The fact that these terms are highly formal should not deter from their casual use when intent warrants it. RFC 2119 is called for wherever there is a formal requirement of some sort. In practical terms, this mostly correlates with whether the given statement spells out a condition that would have to be checked in code that implements the spec. Certainly you want to formally define every aspect of the specification whose implementation you’d excercise with a unit test.

Writing specifications is a weird beast of an activity. It is programming – except not of computers, but programmers. In a sense we might call it meta-programming: a code that instructs programmers about how to write a program. (Remember the original sense of “meta” in metaphysics: “beyond the physics” – where “beyond” prosaically refers to which shelves in the library such books were to be found. But I digress.) Their programming language, obviously, is human language. In human communication, ambiguity and imprecision improves efficiency – and lends itself to poetry besides. Specificiations, however, need to be as precise as possible (including being precise about where they’re not).

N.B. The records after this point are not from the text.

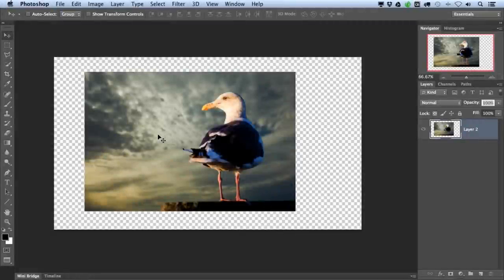Hi, Nicole Young here with a quick tip on how to use the Trim and the Reveal All Photoshop commands.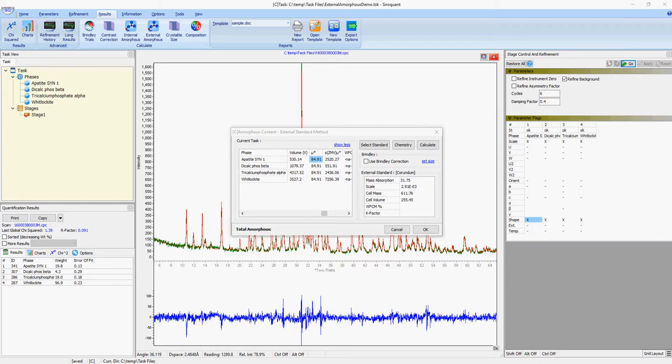The next step is to enter the amorphous content for the standard. In this case, we know that the standard has an amorphous content of 1%, so the WFCM is entered as 99%.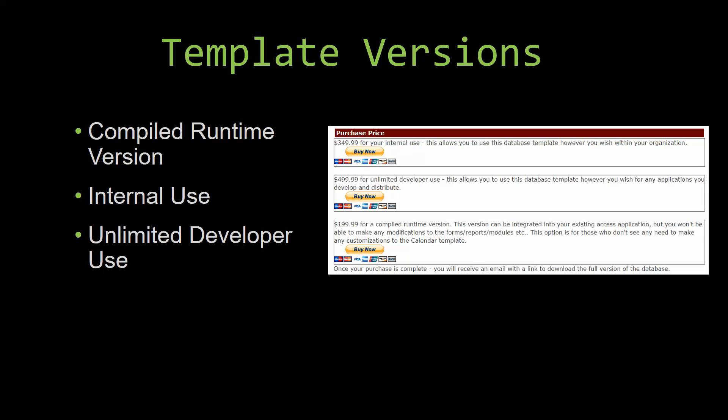Our internal use version allows you to use or modify the databases however you wish within your organization. And last but not least, our unlimited developer use version allows you to use the database template however you wish for any applications you develop and distribute the template as part of a database you create.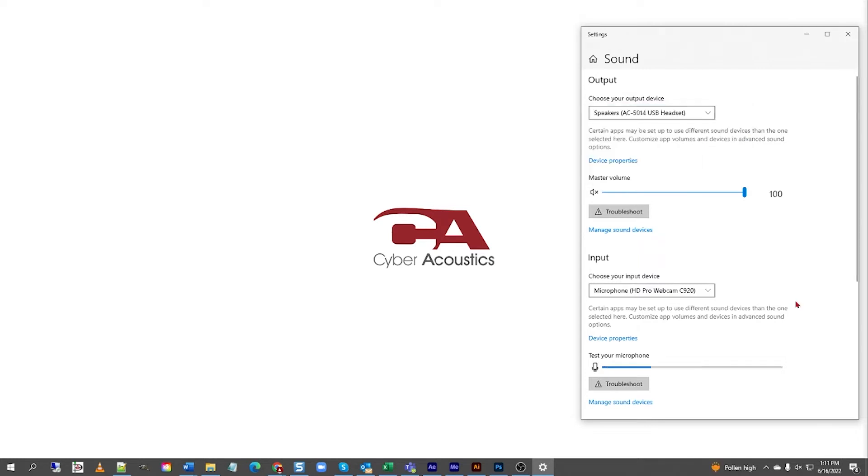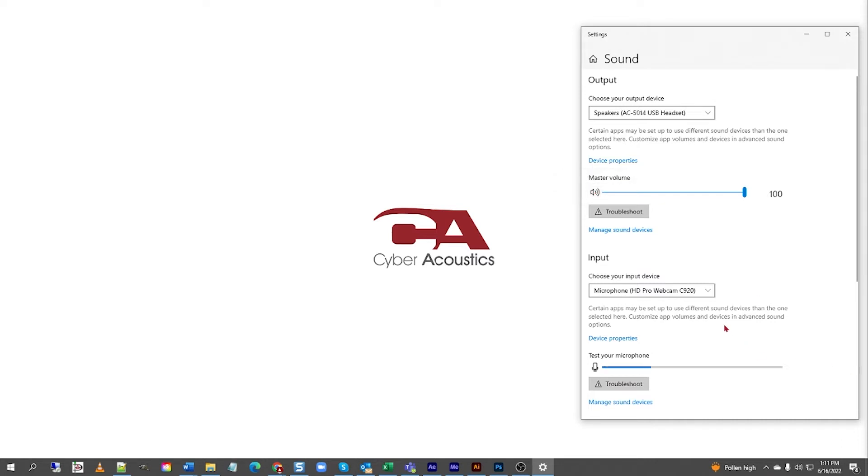Next, double-check that the master volume is not muted. Here, my master volume is muted. To unmute it, left-click the Mute button. Great. I recommend keeping your volume set between 65 and 80. That'll do.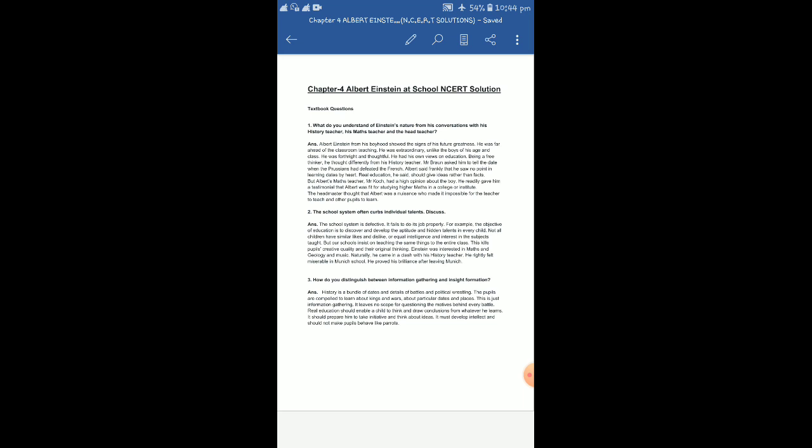Now dear students, I'm moving on to the next question. The school system often curbs individual talents. Discuss. That means you have to discuss it with reference to the chapter 'Albert Einstein at School'. I repeat the question: The school system often curbs individual talents. Discuss. The school system is defective. It fails to do the job properly.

For better or for worse, poetry is rarely desirable, but unambiguous language is, and that is where RFC 2119 comes in. It is a syntax for specification programming, if you will. Think of RFC 2119 statements as the code, and of informal statements as comments.

That should make it obvious why formal language is always appropriate. Do not shy away from using it, it gives a clear distinction between code and comments and makes the code more precise.